There are three numbers Australians should walk away from the last twenty four hours of Senate estimates remembering.
The first is fifty one thousand. That is the number of home guarantees the federal government has issued, under a scheme originally designed for low income Australians, to non-citizens. The shadow housing minister, Andrew Bragg,
confirmed it at a press conference on 16 June
. The Australian five per cent deposit scheme was designed to help young Australian first home buyers get into the market. In 2023 the Albanese government quietly changed the design to allow permanent residents to access it. The result, three years on, is fifty one thousand Australian taxpayer underwritten home guarantees, issued to people who are not Australian citizens, at a time when first home buyer participation in the market is at a generational low.
That is not a culture war point. It is an arithmetic point. The Coalition's housing policy under Bragg now explicitly proposes to restore the original design and reserve the scheme for Australian citizens. The Coalition will, when in government, change the rules. Whether the public agrees with that proposal is a question for an election. The number is a fact.
The second number is four. That is the number of years for which the Treasurer promised, at the Economic Roundtable last year, to freeze the National Construction Code. The Coalition asked for it. The industry asked for it. The Master Builders Association, the Property Council and the Housing Industry Association asked for it. The Treasurer agreed.
On Monday night, in Senate estimates, the freeze was confirmed cancelled. Minister Tim Ayres told the Senate that the four year freeze is no longer in force and that the government will change the code as it sees fit. The promise made at the Roundtable, before an audience of industry leaders, journalists and parliamentarians, was abrogated in a quiet exchange in a committee room. Nobody on the government's side announced it. The Treasurer did not announce it. The Housing Minister did not announce it. It was extracted in estimates by an opposition senator who had been promised something different at lunch.
The third number is thirty. That is the proposed effective rate of capital gains tax on residential investment under Labor's tax overhaul, the bill the Senate has spent the last two days holding a railroaded inquiry into and which will be voted on before the end of the financial year. The Property Council, the Master Builders Association, the Housing Industry Association, the Real Estate Institute and the Business Council of Australia signed a joint statement on Friday opposing it. Their estimate, conservative, is thirty five thousand dwellings forgone. The treasurer's response, on the second day of the inquiry, has been that anyone could submit and that numerous witnesses appeared. The Financial Services Council was not asked to appear at all.
These are not separate stories. They are the same story.

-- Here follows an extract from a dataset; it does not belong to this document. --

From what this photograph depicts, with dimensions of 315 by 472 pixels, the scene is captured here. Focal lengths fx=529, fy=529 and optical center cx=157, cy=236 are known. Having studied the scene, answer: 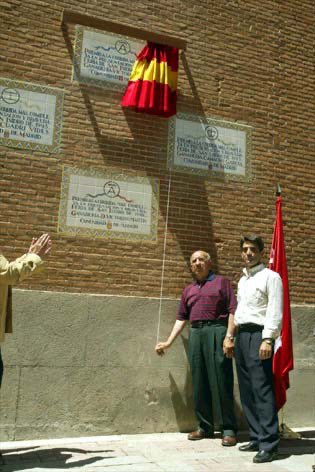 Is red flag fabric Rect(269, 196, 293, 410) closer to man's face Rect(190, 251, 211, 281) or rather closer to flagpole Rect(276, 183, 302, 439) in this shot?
flagpole Rect(276, 183, 302, 439)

The story is the gradual replacement of housing policy with housing politics. A government that came to office promising to build a million homes is on track to build fewer than half that. A government that promised a four year code freeze cancelled it inside twelve months. A government that promised first home buyers a level playing field has, in three years, redirected fifty one thousand of its own underwritten guarantees to non-citizens. A government that promised, repeatedly, that it would not change capital gains tax is now legislating it through a two day inquiry that did not call the Financial Services Council.
Each of those decisions, taken in isolation, can be defended. The aggregate is not defensible. The aggregate is a housing policy structured around political convenience rather than supply. Bragg's intervention this week, supported by a peak business coalition of unusual breadth, is the first serious effort in eighteen months to convert that aggregate into a political cost.
Whether it lands depends on the Coalition's discipline over the next seventy two hours. The bill will be voted on. The Senate inquiry will report. The Greens will negotiate. The crossbench will negotiate. The Treasurer will spend Wednesday on talk radio. The shadow housing minister has done the forensic work. The rest of the parliamentary party has to back him.
The country has had four years of housing announcements. It has not had four years of houses. The fifty one thousand guarantees, the cancelled freeze and the rushed capital gains bill are three pieces of evidence that the policy and the politics have parted company. The Coalition, if it can hold its line, has an opening. If it cannot hold its line, the line will close.